Patients don’t often ask me this question, probably because they don’t want to know the answer. The answer to this question isn’t always a “no,” however. There are certain foods/drinks on my “do not eat/drink list,” but coffee (and caffeinated tea) isn’t on it. Caffeine consumption is definitely individualized as it pertains to being a health benefit or detriment. So how can you filter through the glut of media attention and scientific studies regarding these substances? It’s really quite simple.

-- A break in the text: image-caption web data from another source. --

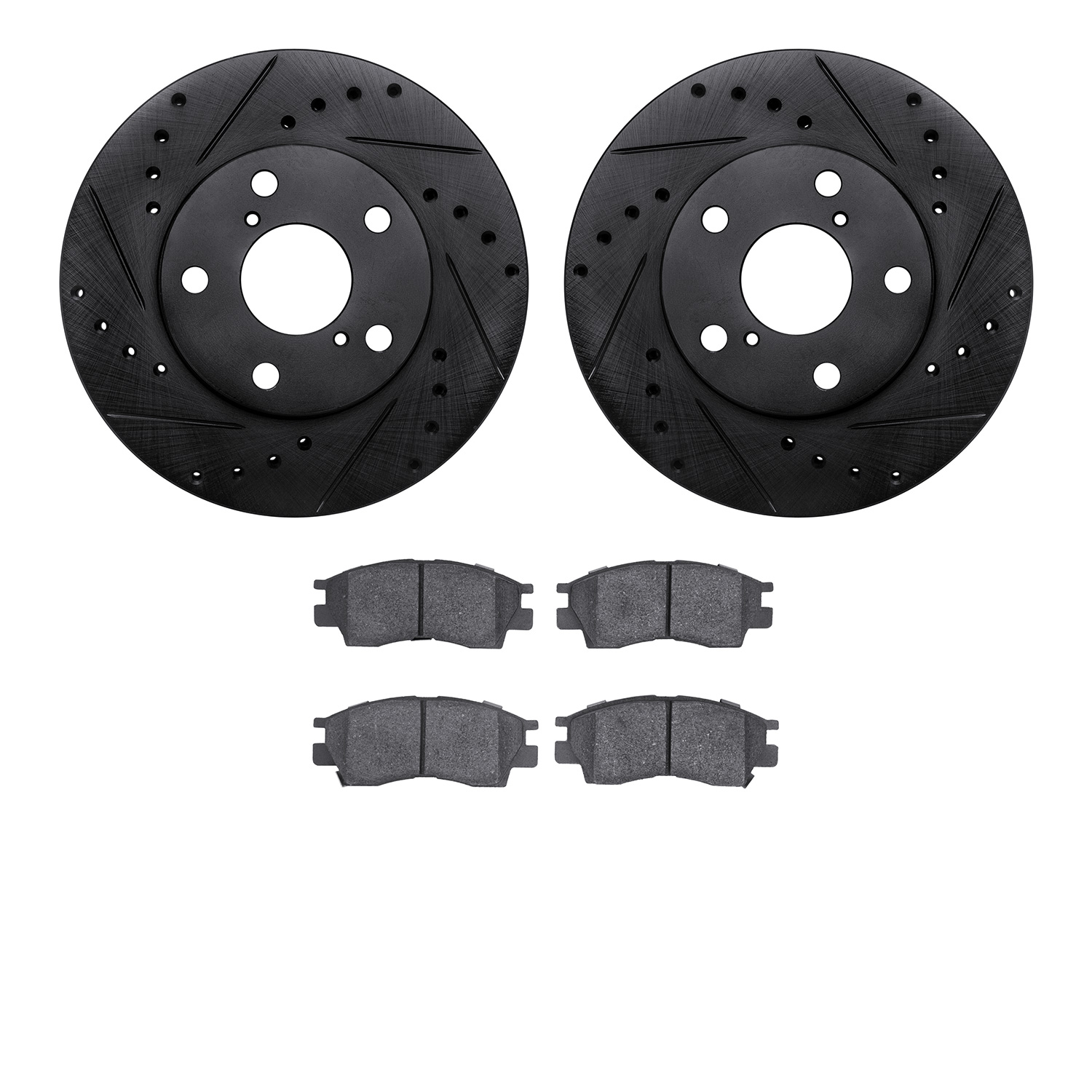 8502-75003 Drilled/Slotted Brake Rotors w/5000 Advanced Brake Pads Kit [Black], 1992-1998 Lexus/Toyota/Scion, Position: Front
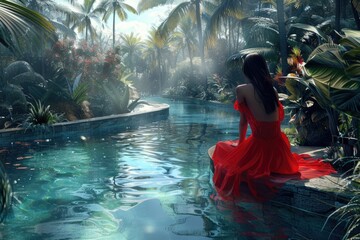 Wall Mural - A woman sits in a pool wearing a bright red dress, perfect for a summer evening or a fashion photo shoot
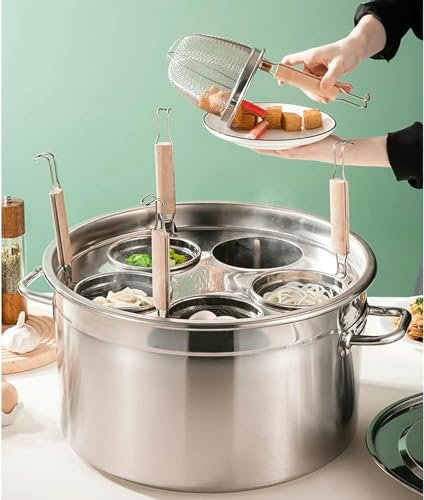 Pentola Multifunzionale per zuppa con colino, pentole con Coperchio e cestello per Pasta, Set di Inserti per cuocipasto in Acciaio Inox a 3/4/5 Fori per Pasta, tagliatelle, Gnocchi
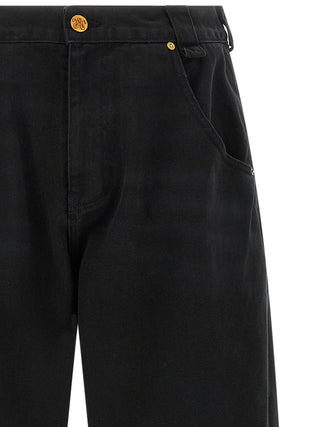 Black Cotton Relaxed Fit Jeans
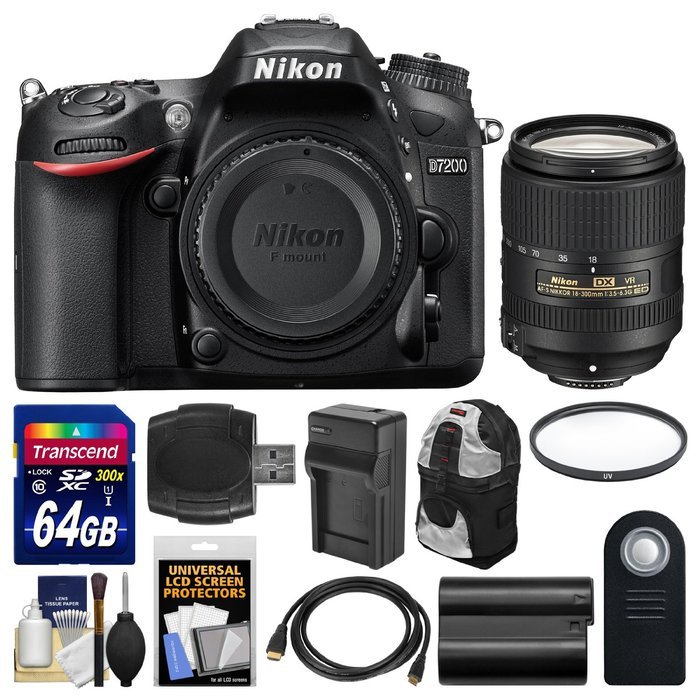 Nikon D7200 Wi-Fi Digital SLR Camera Body with 18-300mm VR Lens + 64GB Card + Backpack + Battery/Charger + Kit N5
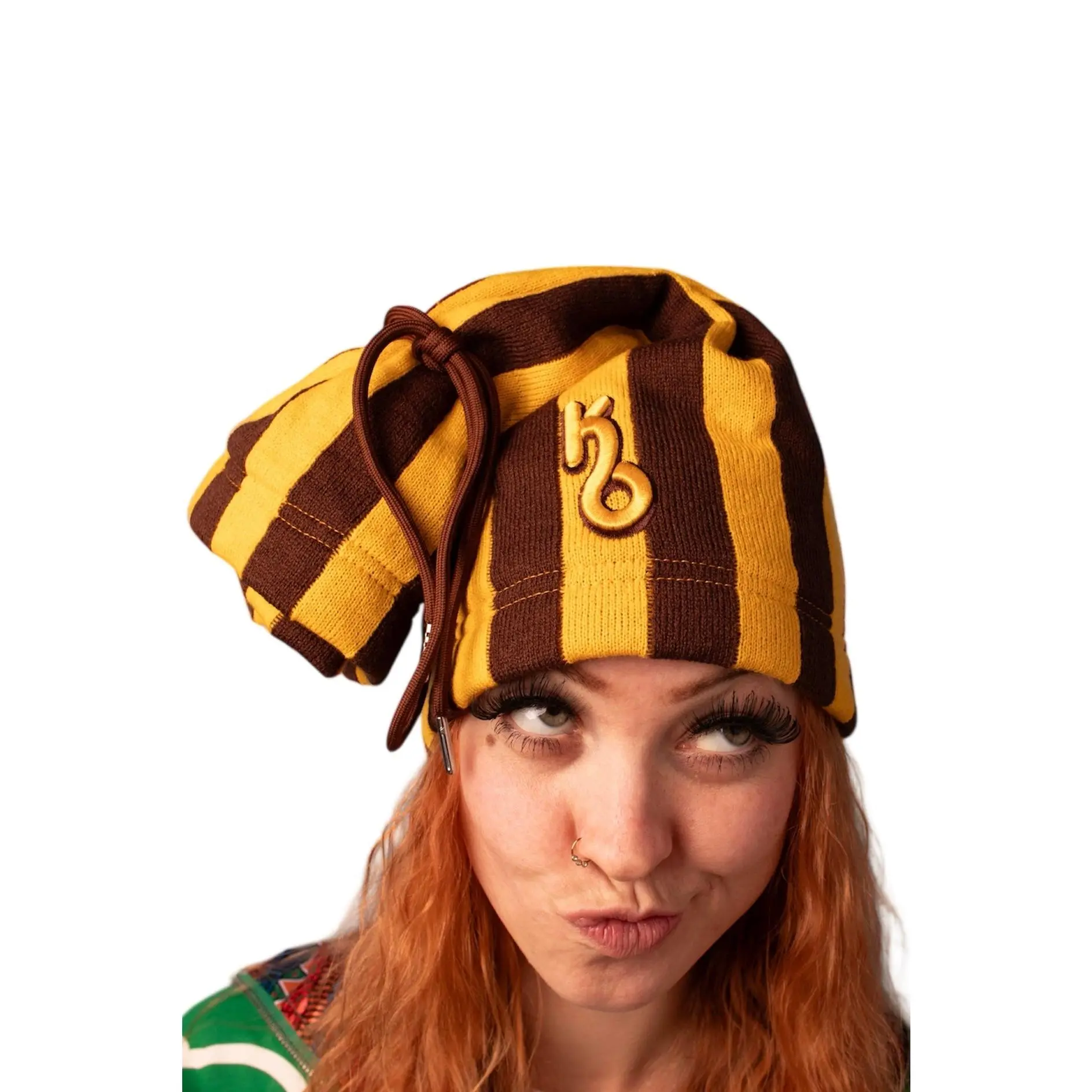 Brown & yellow 90's hat and Neck Wammer satined lined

Caffeine used to get a fairly bad rap in the media and it seems that most people generally have a negative view of its effects on overall health. However, caffeinated coffee and tea have also been applauded as having health benefits related to their inherent antioxidant capacity. So which is it? There is so much conflicting research that it can be quite difficult to get a direct, simple answer. As with most things, it comes down to the individual. I use in-office testing on patients to determine my recommendations, and in this article I’ll offer some simple common sense to help you decide.

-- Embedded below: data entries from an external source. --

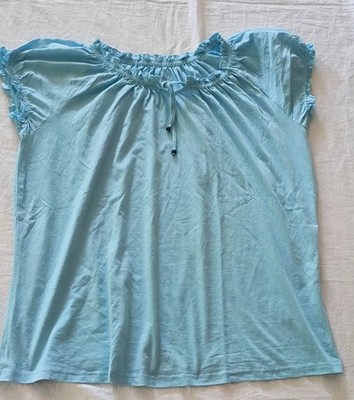 Laura Torelli Collection T-Shirt mit Carmen Ausschnitt Hellblau Gr. XL NEU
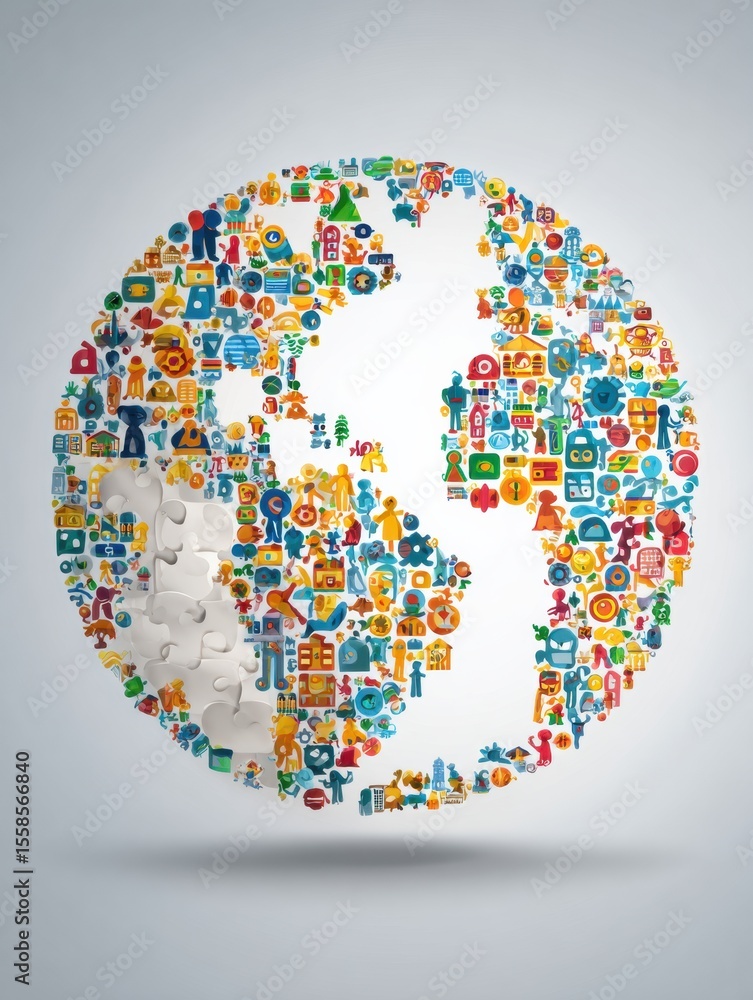 Poster diverse icons create a vibrant globe symbolizing inclusion and unity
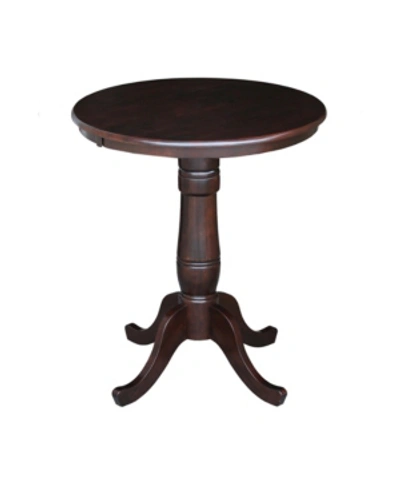 International Concepts 30" Round Top Pedestal Table- 34.9"h In Coffee Bean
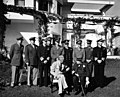 United States President Franklin D. Roosevelt, British prime minister Winston Churchill, and their advisors in Casablanca, 1943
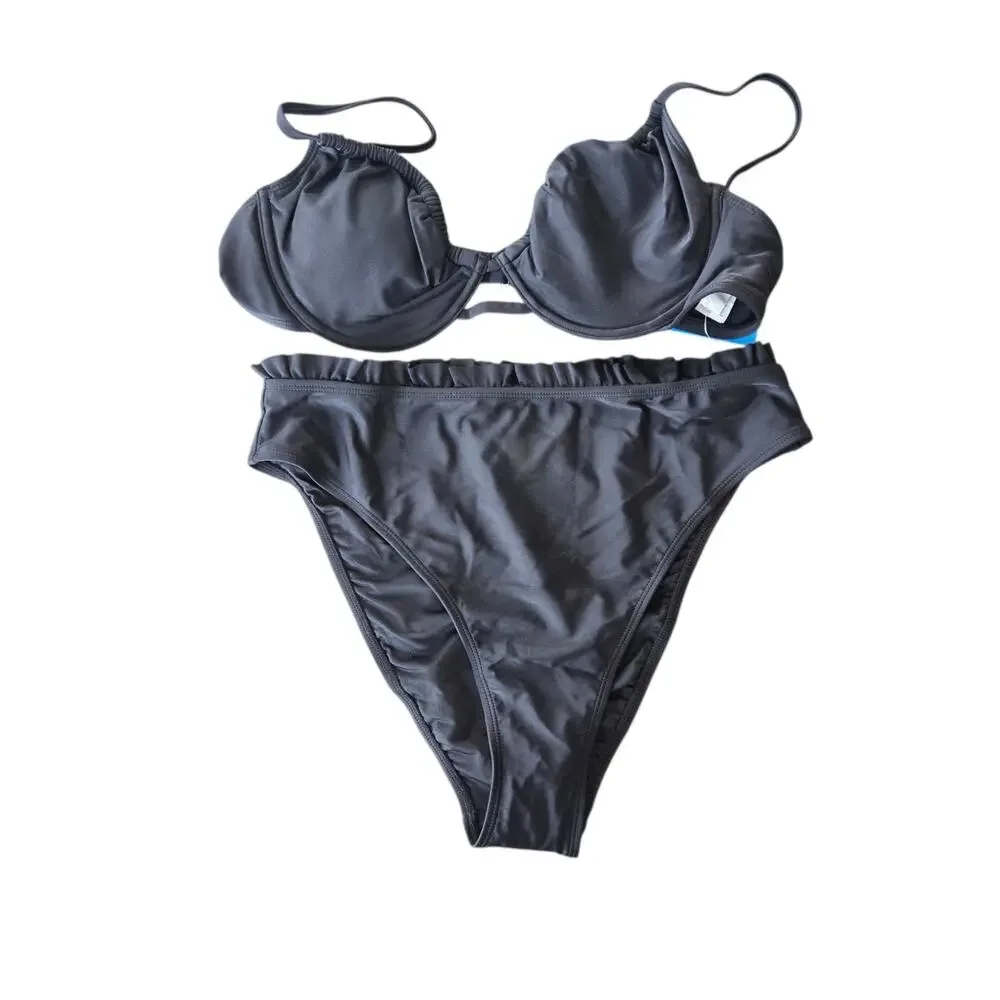 Cupshe High Waisted Push Up Cheeky Two Piece Bikini Size L NWT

First, do you use caffeine to counteract fatigue? If you do, it’s probably best to avoid using it as a stimulant and instead address your underlying cause(s) of fatigue. There’s evidence that caffeine can stimulate stress hormone production, which in turn may tax your adrenal glands. If your adrenal glands are already under/over-functioning, this can further the imbalance. It’s synonymous with whipping a tired horse. This is especially true for those who need that 3pm or 4pm “pick me up” to get through the day and for those who get insomnia or jittery after caffeine consumption.

Do you get a withdrawal headache if you miss your morning cup? This would indicate that your blood vessels are over-dilated and as a result, causing the pain; caffeine is needed to constrict them. Although research literally says this is “nothing to worry about,” it seems fairly common sense that your body has lost its ability to adapt and is dependant on caffeine to function “normally.” In these instances, many of my patients have gone through the withdrawal and then find they feel generally worse after consuming it again.

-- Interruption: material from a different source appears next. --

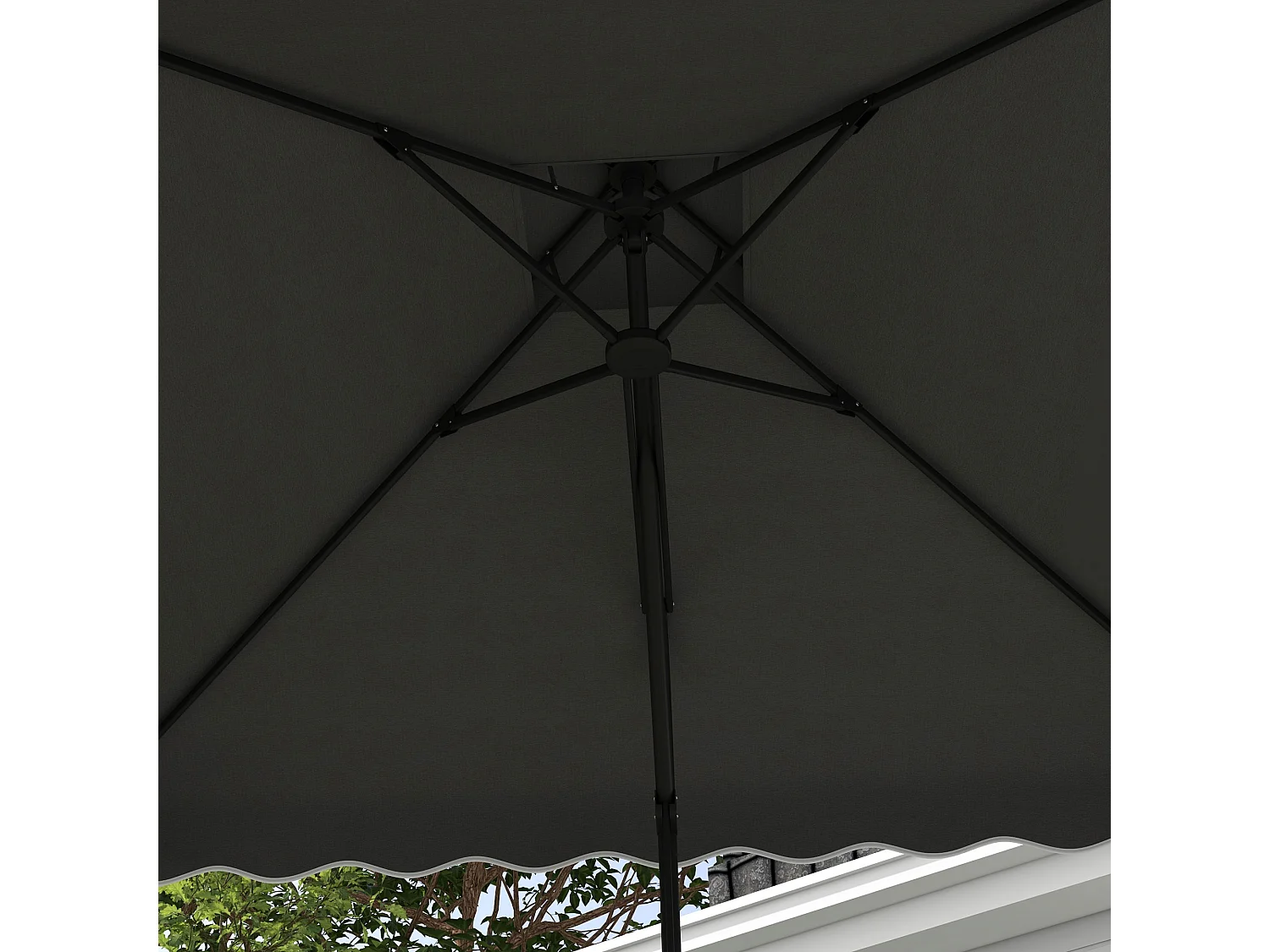 Ombrellone da giardino decentrato 2.5x2.5m con manovella grigio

Do you have to “digest” your cup of coffee or tea? Some people experience a lack of appetite or feel “full” after drinking caffeinated beverages. Your liver is required to ramp up detoxification mechanisms to break down caffeine and if your liver (and/or gallbladder) is “sluggish,” you may experience this. Also, a flood of stress hormones may put you in a “fight or flight” response, causing a lack of appetite while your body gears up to respond to a stressor. This is definitely an indicator that it’s worth abstaining from caffeine. And it’s a no-brainer that if you need/use it as an appetite suppressant, you should really look into why your body’s metabolism isn’t up to par. Also, that feeling of needing to “digest” your coffee or tea may very well be related to what you add to it (e.g. dairy, almond milk, sugar, etc.).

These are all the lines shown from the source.